Kasatreskrim Polresta Bandar Lampung, Kompol Dennis Arya Putra (Foto: Istimewa)

BANDAR LAMPUNG – Tim gabungan Polresta Bandar Lampung menangkap 10 remaja yang tergabung dalam geng motor, karena membawa senjata tajam (sajam) dan berencana hendak tawuran, Ahad (8/1/2023) dini hari.

Kasatreskrim Polresta Bandar Lampung, Kompol Dennis Arya Putra membenarkan penangkapan sejumlah anggota geng motor tersebut.

Menurutnya, dalam penangkapan para remaja ini sempat terjadi aksi kejar-kejaran antara anggota kepolisian dengan para geng motor.

“Iya benar, kami hunting rutin dan menangkap para remaja di wilayah Palapa tepatnya Jalan Emir M Noer, Kecamatan Tanjung Karang Barat, saat hendak tawuran. Sempat terjadi aksi kejar-kejaran sebelum penangkapan 10 anggota (geng motor) ini,” ujar Dennis.

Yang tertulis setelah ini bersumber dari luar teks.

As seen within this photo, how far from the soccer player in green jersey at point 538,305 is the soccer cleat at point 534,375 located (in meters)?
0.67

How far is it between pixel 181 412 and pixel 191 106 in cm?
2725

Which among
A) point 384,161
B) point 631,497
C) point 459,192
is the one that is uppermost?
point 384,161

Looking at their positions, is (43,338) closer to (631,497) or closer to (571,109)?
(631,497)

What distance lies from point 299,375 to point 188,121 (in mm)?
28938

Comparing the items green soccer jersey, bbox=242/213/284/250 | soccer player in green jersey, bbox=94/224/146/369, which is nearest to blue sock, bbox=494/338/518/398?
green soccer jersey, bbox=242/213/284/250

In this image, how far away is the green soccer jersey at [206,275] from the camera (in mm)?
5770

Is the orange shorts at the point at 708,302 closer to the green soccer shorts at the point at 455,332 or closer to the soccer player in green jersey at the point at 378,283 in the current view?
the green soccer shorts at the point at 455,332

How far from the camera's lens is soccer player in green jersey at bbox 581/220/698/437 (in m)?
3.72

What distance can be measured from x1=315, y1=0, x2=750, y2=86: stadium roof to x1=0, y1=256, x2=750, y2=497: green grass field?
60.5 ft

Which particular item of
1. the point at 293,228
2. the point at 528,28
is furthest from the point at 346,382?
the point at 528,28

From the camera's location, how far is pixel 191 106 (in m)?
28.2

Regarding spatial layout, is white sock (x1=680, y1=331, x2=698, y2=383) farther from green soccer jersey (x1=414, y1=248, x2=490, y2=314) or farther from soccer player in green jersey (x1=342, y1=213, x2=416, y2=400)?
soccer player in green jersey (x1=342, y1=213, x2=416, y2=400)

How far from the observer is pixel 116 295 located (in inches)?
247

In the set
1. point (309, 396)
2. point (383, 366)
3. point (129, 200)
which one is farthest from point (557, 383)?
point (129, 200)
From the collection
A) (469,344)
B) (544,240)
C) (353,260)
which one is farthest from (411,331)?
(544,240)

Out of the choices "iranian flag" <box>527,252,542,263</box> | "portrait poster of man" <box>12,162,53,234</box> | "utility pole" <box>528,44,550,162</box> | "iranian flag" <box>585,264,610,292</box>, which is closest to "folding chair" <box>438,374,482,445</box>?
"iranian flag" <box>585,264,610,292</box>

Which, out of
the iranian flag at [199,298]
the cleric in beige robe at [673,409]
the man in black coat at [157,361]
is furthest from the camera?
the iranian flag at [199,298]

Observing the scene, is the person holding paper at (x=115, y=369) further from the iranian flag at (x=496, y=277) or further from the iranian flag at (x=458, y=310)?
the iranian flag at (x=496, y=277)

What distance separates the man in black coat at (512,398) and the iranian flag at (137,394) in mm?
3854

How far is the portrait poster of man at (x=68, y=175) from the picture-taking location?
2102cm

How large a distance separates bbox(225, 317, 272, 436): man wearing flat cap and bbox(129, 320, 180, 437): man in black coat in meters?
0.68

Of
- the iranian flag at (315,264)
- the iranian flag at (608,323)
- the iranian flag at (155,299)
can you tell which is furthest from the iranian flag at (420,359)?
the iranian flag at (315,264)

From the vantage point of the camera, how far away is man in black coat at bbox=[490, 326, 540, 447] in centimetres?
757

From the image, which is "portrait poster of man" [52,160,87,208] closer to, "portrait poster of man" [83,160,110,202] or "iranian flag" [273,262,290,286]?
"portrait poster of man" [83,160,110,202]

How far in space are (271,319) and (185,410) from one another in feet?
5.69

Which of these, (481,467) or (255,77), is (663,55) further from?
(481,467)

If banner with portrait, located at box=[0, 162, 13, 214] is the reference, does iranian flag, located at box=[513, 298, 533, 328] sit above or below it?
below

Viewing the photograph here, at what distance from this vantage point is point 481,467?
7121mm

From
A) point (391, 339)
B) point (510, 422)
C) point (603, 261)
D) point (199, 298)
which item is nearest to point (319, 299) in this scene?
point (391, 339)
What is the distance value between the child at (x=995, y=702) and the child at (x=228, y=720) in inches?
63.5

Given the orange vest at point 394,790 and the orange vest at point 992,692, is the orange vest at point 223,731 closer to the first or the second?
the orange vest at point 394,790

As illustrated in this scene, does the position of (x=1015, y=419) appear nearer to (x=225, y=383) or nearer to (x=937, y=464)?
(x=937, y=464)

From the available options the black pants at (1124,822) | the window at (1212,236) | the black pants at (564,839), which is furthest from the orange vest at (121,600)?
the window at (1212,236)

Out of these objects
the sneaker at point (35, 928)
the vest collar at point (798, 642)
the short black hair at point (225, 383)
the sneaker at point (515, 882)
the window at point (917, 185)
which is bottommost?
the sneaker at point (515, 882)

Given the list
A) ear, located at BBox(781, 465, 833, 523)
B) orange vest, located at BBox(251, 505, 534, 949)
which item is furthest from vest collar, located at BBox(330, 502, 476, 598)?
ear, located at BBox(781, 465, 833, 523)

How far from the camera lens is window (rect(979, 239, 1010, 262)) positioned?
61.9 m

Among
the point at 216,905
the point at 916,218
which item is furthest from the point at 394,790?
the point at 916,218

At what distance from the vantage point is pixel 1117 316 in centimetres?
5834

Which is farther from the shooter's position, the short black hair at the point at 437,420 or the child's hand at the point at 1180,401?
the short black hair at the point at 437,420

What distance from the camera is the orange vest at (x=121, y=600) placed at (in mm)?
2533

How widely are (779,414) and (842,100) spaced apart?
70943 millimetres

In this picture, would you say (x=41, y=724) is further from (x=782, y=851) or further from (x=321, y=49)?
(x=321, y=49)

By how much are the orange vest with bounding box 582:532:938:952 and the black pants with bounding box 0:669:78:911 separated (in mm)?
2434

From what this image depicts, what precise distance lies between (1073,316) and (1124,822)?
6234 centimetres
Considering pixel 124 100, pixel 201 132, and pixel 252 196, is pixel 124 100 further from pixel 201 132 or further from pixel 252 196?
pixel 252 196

Kemudian, lanjut Dennis dalam penangkapan ini pihaknya juga mendapati senjata tajam berbagai jenis.

“Kami juga mendapatkan senjata tajam dengan berbagai jenis dari tangan para remaja ini,” kata Dennis, dilansir detikcom.

Tak sampai disitu, Dennis menuturkan pihaknya juga kemudian mengembangkan kasus untuk mencari basecamp kelompok tersebut.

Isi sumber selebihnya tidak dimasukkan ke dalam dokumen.